Quali sono le maggiori pressioni a cui oggi sono soggette le aree umide?

Sicuramente nel secolo scorso la bonifica, la frammentazione e l’urbanizzazione di queste aree sono state le pressioni maggiori, che però, in alcuni casi, non hanno fatto perdere alla zona la sua funzionalità ecologica. Oggi, invece, il grosso problema è il cambiamento climatico. Lunghi periodi di siccità stanno portando all’aumento eccessivo della salinità, ma anche a mancanza di ossigeno ed eccesso di nutrienti, quindi a fenomeni definiti di anossia ed eutrofizzazione. Stagni o lagune, infatti, non hanno acque profonde, i raggi del sole penetrano fino ai fondali e favoriscono la crescita delle alghe, che a loro volta limitano lo scambio gassoso con l’atmosfera rendendo inospitale quell’habitat per molte forme di vita. A Santa Gilla lo stagno è piuttosto ampio, quindi questo fenomeno non è ancora troppo evidente. Ma anche qui il mantenimento dell’apporto minimo vitale di acqua è un problema che sicuramente si presenterà in futuro. Dall'altro lato, i cambiamenti climatici stanno provocando anche il problema opposto, ovvero l’eccesso di acqua dolce dovuto alle precipitazioni intense e agli eventi estremi. Le piogge intense trasportano infatti fango, detriti e rifiuti fino al mare – e quindi alle zone umide – alterandone anche in questo caso la salinità, la qualità delle acque e determinando la moria di pesci e molluschi. E una minaccia ancora più subdola sono le microplastiche presenti nell'acqua di mare: microplastiche che entrano in tutta la catena alimentare, arrivando fino a noi.

Come possono essere valorizzate al meglio le Saline Conti Vecchi? E cosa può fare il FAI?
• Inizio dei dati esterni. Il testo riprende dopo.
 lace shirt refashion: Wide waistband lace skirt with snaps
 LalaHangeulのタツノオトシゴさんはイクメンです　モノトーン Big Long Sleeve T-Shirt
Prima dell'arrivo del FAI le Saline Conti Vecchi erano un sito prettamente industriale, di lavorazione e trasformazione del sale. Non c'era la possibilità per il cittadino o per il turista di poterla visitare, né di poterne conoscere la storia. Oggi invece si sta iniziando a capire che le saline possono essere delle vere e proprie mete turistiche, soprattutto per chi cerca la possibilità di vivere un’esperienza nella natura, facendo bird watching o andando a passeggiare tra la vegetazione acquatica e palustre. Le zone umide danno anche la possibilità di diversificare l’offerta turistica durante tutto l’anno e non solo in estate: il momento migliore per visitarle è infatti tra febbraio, marzo e aprile, i mesi in cui cominciano ad arrivare tutti quegli uccelli che nidificano in questi preziosi ecosistemi.

Credo che il FAI stia già facendo un ottimo lavoro: grazie alla sua gestione dà un esempio concreto di buone pratiche, che permettono di capire come si può tutelare un patrimonio non solo ambientale, ma anche storico ed economico.